## Instructions to follow
In the data below, the copy begins at the line containing "Cudy 5G NR AX3000" and runs through the last line; repeat those lines exactly, minus the pictures.

*** Opening Data provided ***

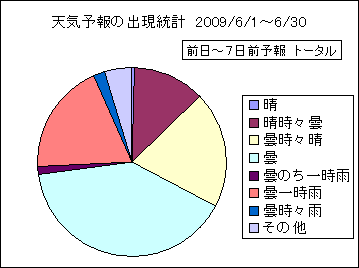 �V�C�\��o�����v�@����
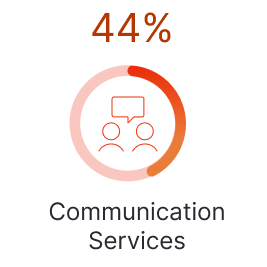 MPG_Q3 MEOS_2025_CA_Communication Services Icon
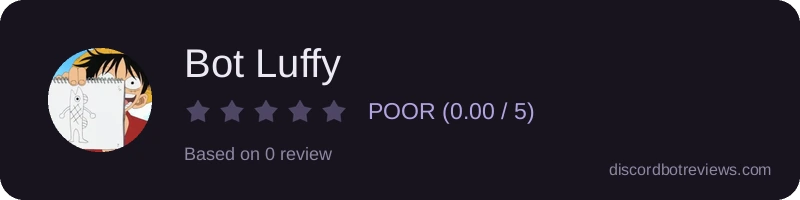 Rating widget preview for Bot Luffy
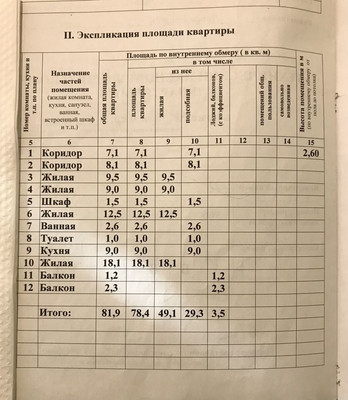 Продам многокомнатную квартиру, Северный мкр, 58, Чита г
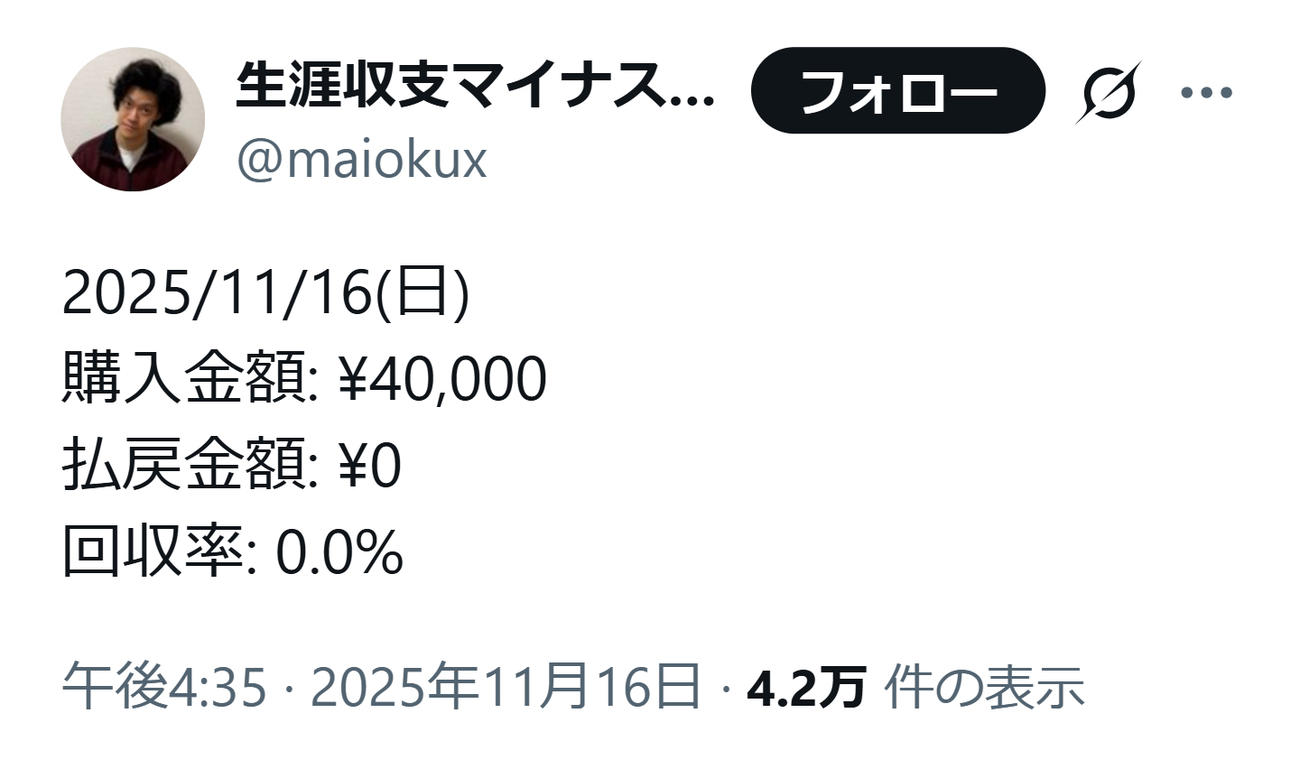 16日は40000円購入し払い戻し金額0円（生涯収支マイナス5億円君こと粗品のXから）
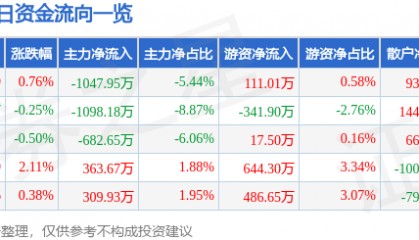 股票行情快报：湘佳股份（002982）7月9日主力资金净卖出1047.95万元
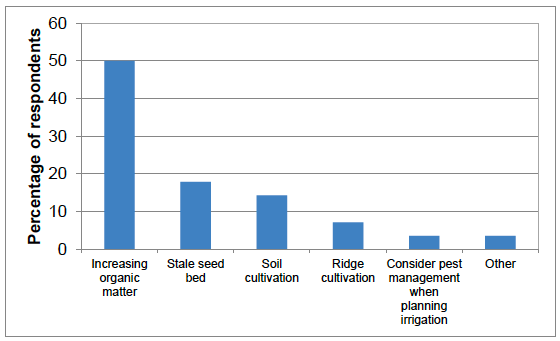 Figure 44 Methods of cultivating seed bed to reduce pest risk (percentage of respondents) - 2016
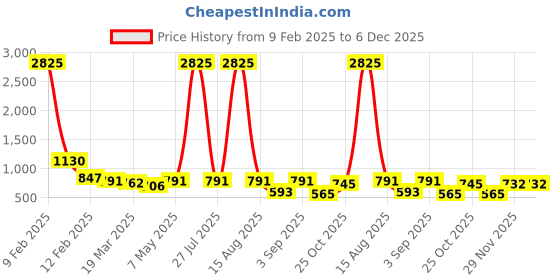 myntra.com BAESD Girls Round Neck Full Sleeves Cotton Top &  Capris baesd Price History Graph from 9 Feb 2025 to 6 Dec 2025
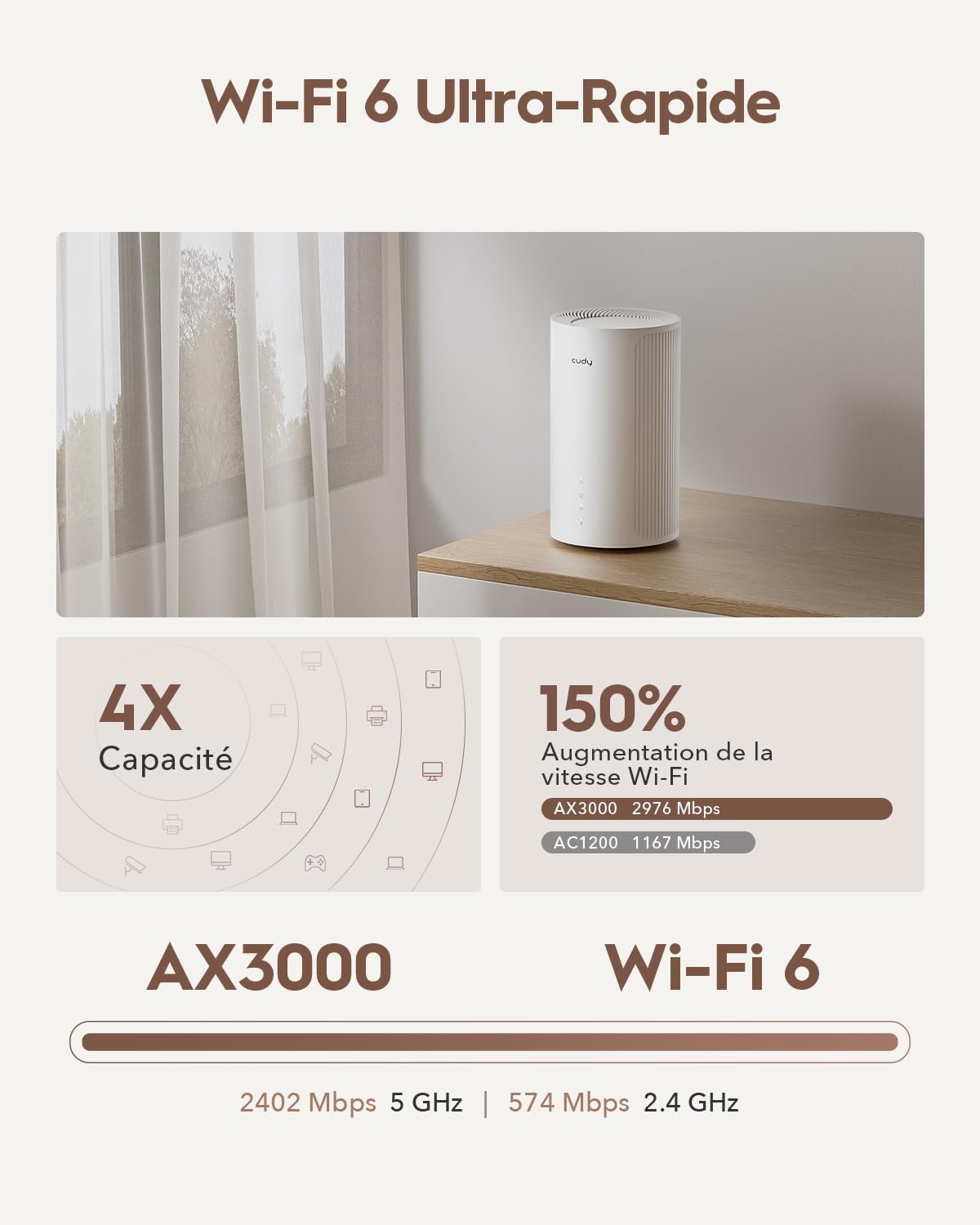 Cudy 5G NR AX3000 Wi-FI 6 Routeur, 3 Ports GE, Professionnel, P4 | Version 16, 5G, 3, 4 Gbit/s, Wi-Fi 6 à 2 402/574 Mbit/s, 3 ports GbE, emplacement pour carte Nano SIM, emplacement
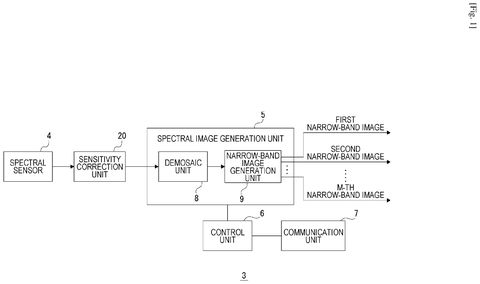 Spectral camera system block diagram., drawing sheet 1 from US 2026/0235497 A1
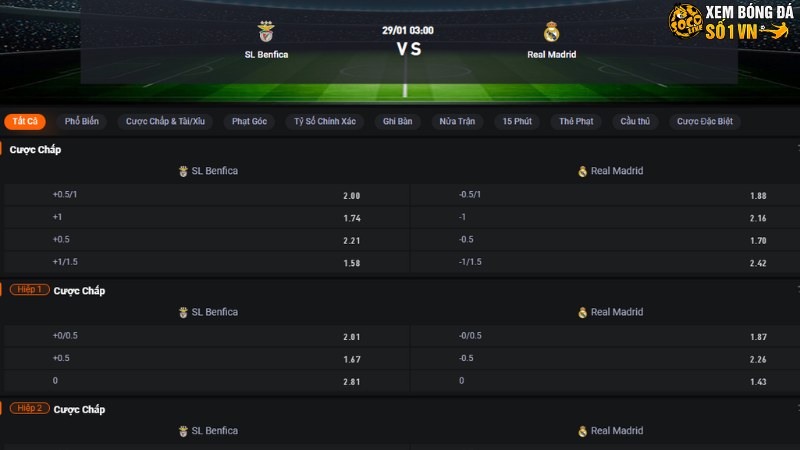 Benfica vs Real Madrid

*** Closing Data provided ***

## Reply to the task
 Cudy 5G NR AX3000 Wi-FI 6 Routeur, 3 Ports GE, Professionnel, P4 | Version 16, 5G, 3, 4 Gbit/s, Wi-Fi 6 à 2 402/574 Mbit/s, 3 ports GbE, emplacement pour carte Nano SIM, emplacement
 Spectral camera system block diagram., drawing sheet 1 from US 2026/0235497 A1
 Benfica vs Real Madrid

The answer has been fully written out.